Improving Metric Dimensionality Reduction with Distributed Topology

TL;DR

This paper introduces DIPOLE, a novel gradient-based method that enhances metric dimensionality reduction by integrating local metric and global topological information, outperforming existing techniques.

Contribution

The paper presents DIPOLE, a new dimensionality reduction approach combining metric geometry and distributed persistent homology with convergence guarantees.

Findings

DIPOLE outperforms UMAP, t-SNE, and Isomap on various datasets.

DIPOLE provides both visual and quantitative improvements.

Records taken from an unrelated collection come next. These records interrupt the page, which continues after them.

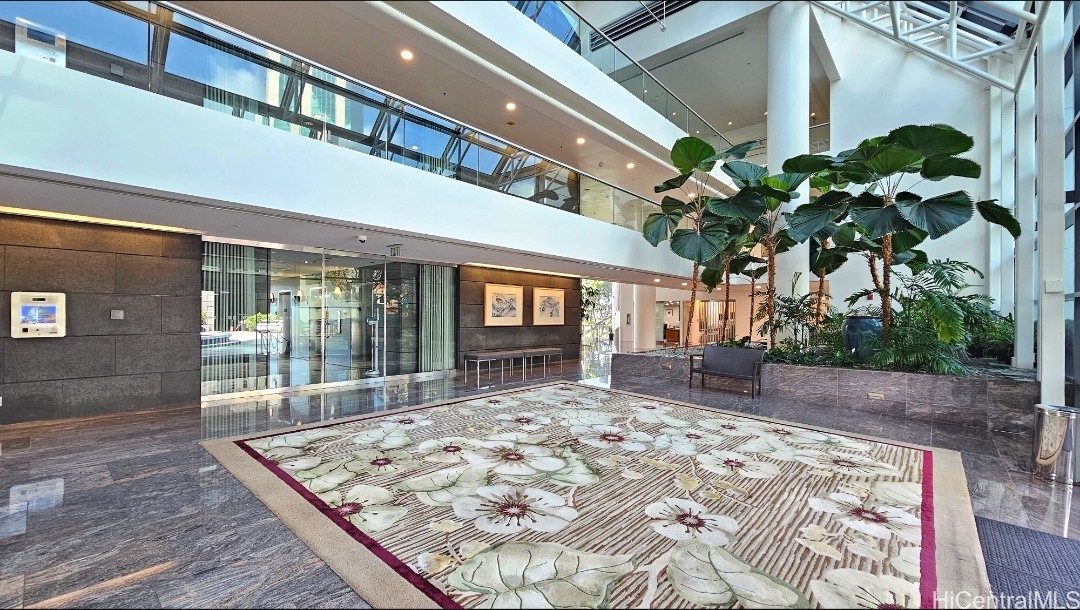 1330 Ala Moana Boulevard 1405 Property Photo 17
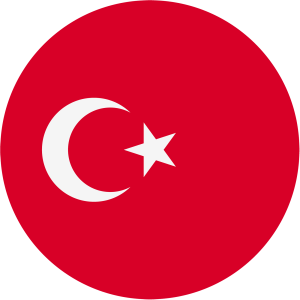 U16 Turkey (W) logo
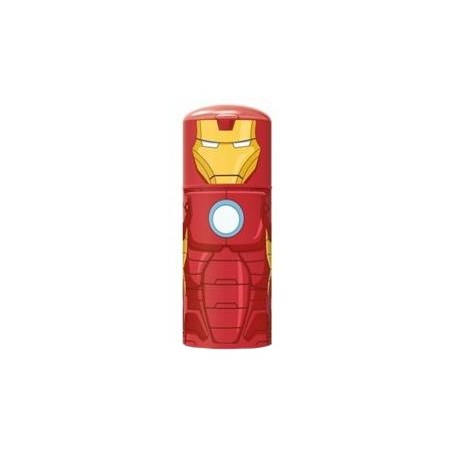 Disney Botella de Iron Man - Envío Gratuito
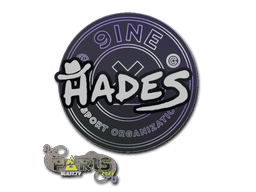 hades | Paris 2023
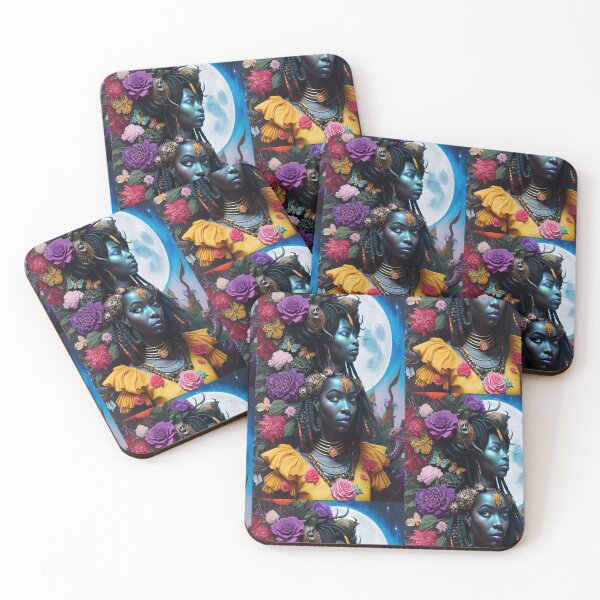 Item preview, Jungle Children 43 designed and sold by BlueOctopus1878.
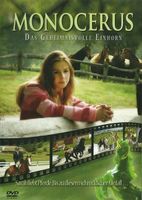 Monocerus DVD Das geheimnisvolle Einhorn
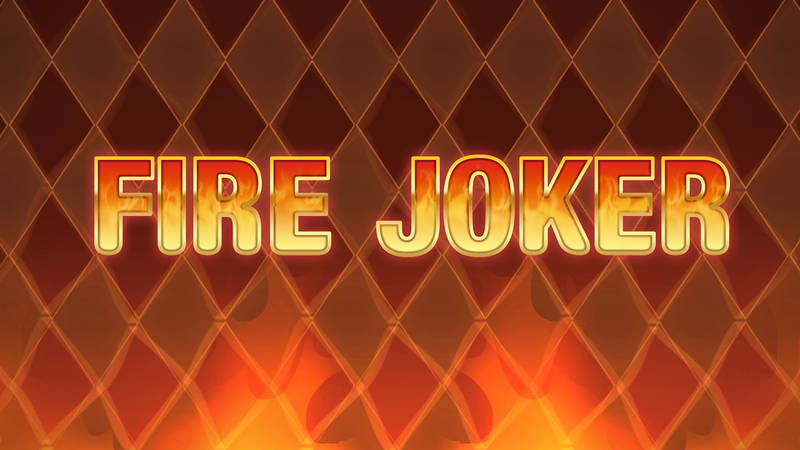 Fire Joker Casino: bonus za założenie konta krok po kroku – Recenzja
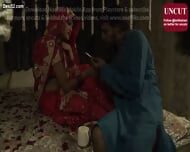 Suhagrat sex scene ki shooting Behind the scenes of sex scene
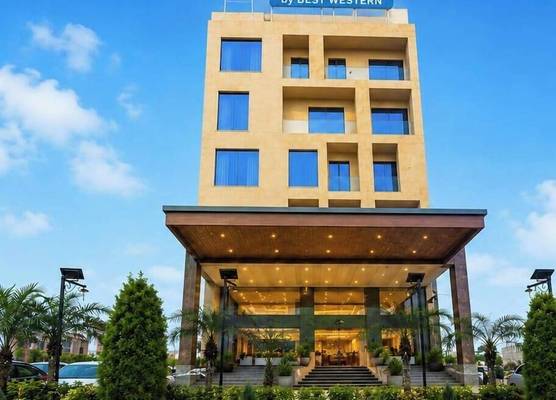 SureStay Plus by Best Western Amritsar 1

The method guarantees almost sure convergence.

Abstract

We propose a novel approach to dimensionality reduction combining techniques of metric geometry and distributed persistent homology, in the form of a gradient-descent based method called DIPOLE. DIPOLE is a dimensionality-reduction post-processing step that corrects an initial embedding by minimizing a loss functional with both a local, metric term and a global, topological term. By fixing an initial embedding method (we use Isomap), DIPOLE can also be viewed as a full dimensionality-reduction pipeline. This framework is based on the strong theoretical and computational properties of distributed persistent homology and comes with the guarantee of almost sure convergence. We observe that DIPOLE outperforms popular methods like UMAP, t-SNE, and Isomap on a number of popular datasets, both visually and in terms of precise quantitative metrics.